**Task to carry out**
Give back exactly the lines from the "Strategy Infographics" line to the final line of the records, and only those, minus any pictures.

..........

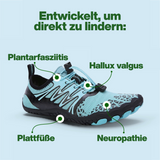 Airflex - Mezítláb cipők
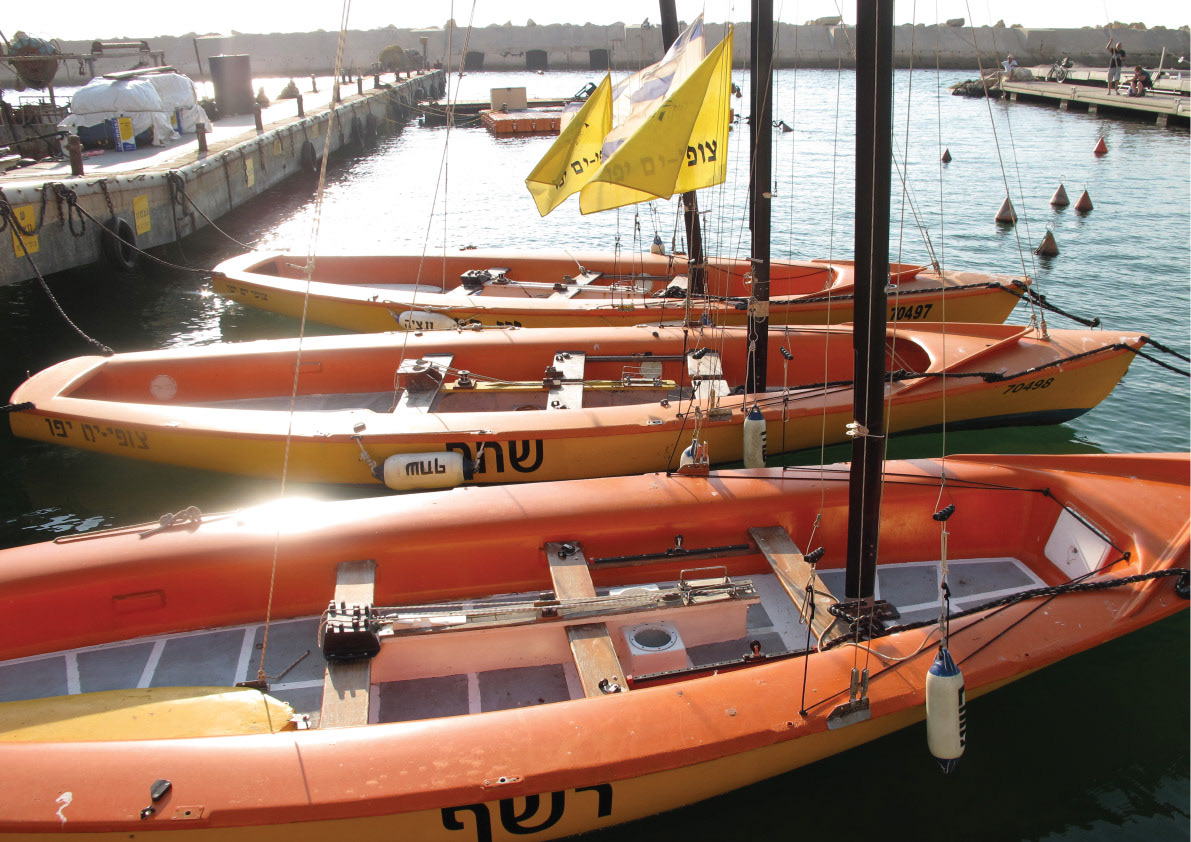 Entry 202254 in Student project - Jaffa Port by Nooka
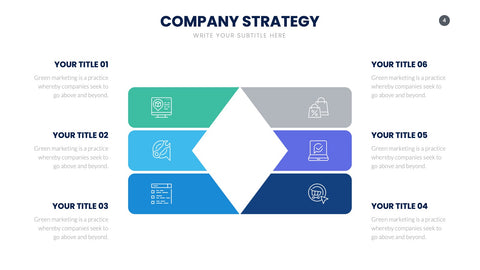 Strategy Infographics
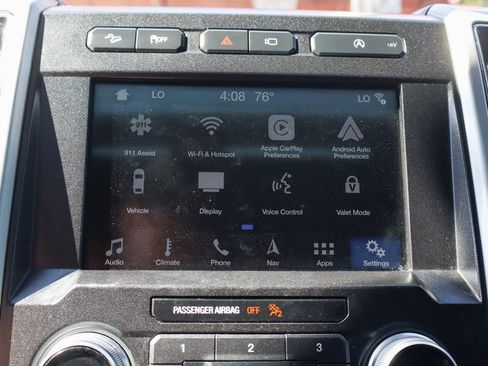 Used 2018 Ford F150 Platinum w/ Equipment Group 701A Luxury image 34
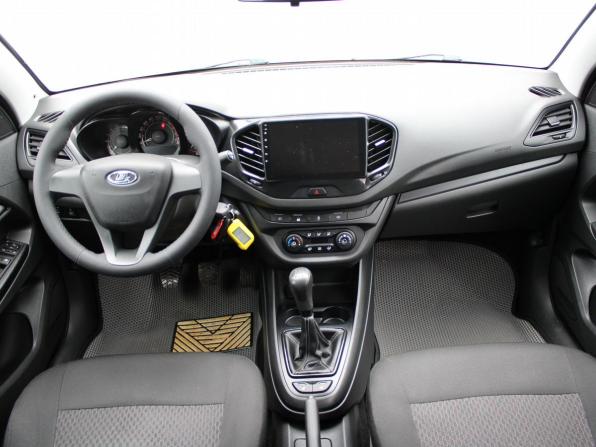 Lada (ВАЗ) Vesta I с пробегом 2017 года, цена 739 000 рублей, 141263 км, седан, Автокод Объявления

..........

**Response to this exercise**
 Strategy Infographics
 Used 2018 Ford F150 Platinum w/ Equipment Group 701A Luxury image 34
 Lada (ВАЗ) Vesta I с пробегом 2017 года, цена 739 000 рублей, 141263 км, седан, Автокод Объявления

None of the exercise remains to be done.